**Work required:** Copy out the whole listing exactly as given. Skip the pictures.

**Data block:**
============

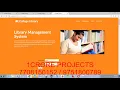 Book Management System in Java UPDATED - 1Crore Projects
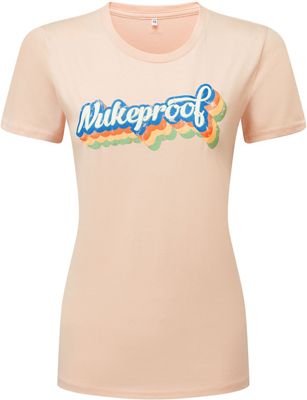 Nukeproof Womens Retro T-Shirt AW22 - Ecru - XL}, Ecru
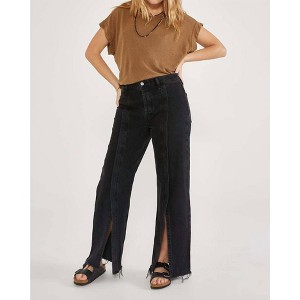 Women's Astrid Split Leg Pant - ETICA - 1 of 4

============

**Task result:**
 Book Management System in Java UPDATED - 1Crore Projects
 Nukeproof Womens Retro T-Shirt AW22 - Ecru - XL}, Ecru
 Women's Astrid Split Leg Pant - ETICA - 1 of 4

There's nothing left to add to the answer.